## PROBLEM TO SOLVE:
Skip pictures in the listing below; copy exactly the lines from the one with "OKX 合规牌照三层金字塔图" through the one with "RUMO AO SUCESSO", inclusive.
──────── RECORDS SHOWN ────────
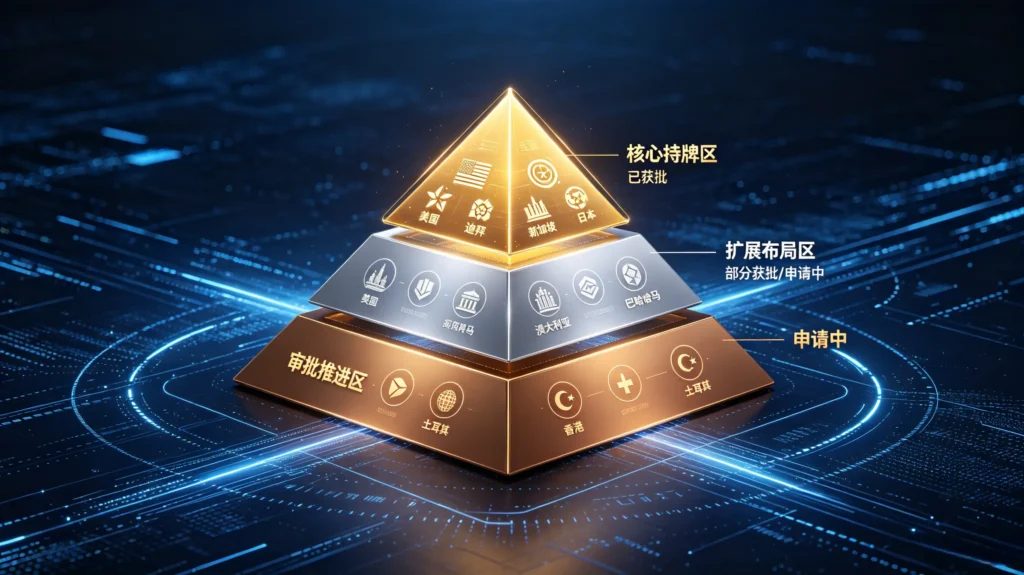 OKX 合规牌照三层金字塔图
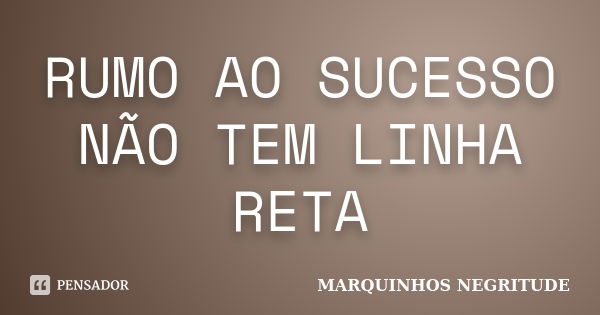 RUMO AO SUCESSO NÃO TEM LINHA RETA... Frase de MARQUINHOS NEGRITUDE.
────────
──────── RECORDS SHOWN ────────
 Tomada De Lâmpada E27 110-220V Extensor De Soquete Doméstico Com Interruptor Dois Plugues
────────
──────── RECORDS SHOWN ────────
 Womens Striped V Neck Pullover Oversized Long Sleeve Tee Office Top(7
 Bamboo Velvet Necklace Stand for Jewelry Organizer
────────
## OUTPUT BELOW:
 OKX 合规牌照三层金字塔图
 RUMO AO SUCESSO NÃO TEM LINHA RETA... Frase de MARQUINHOS NEGRITUDE.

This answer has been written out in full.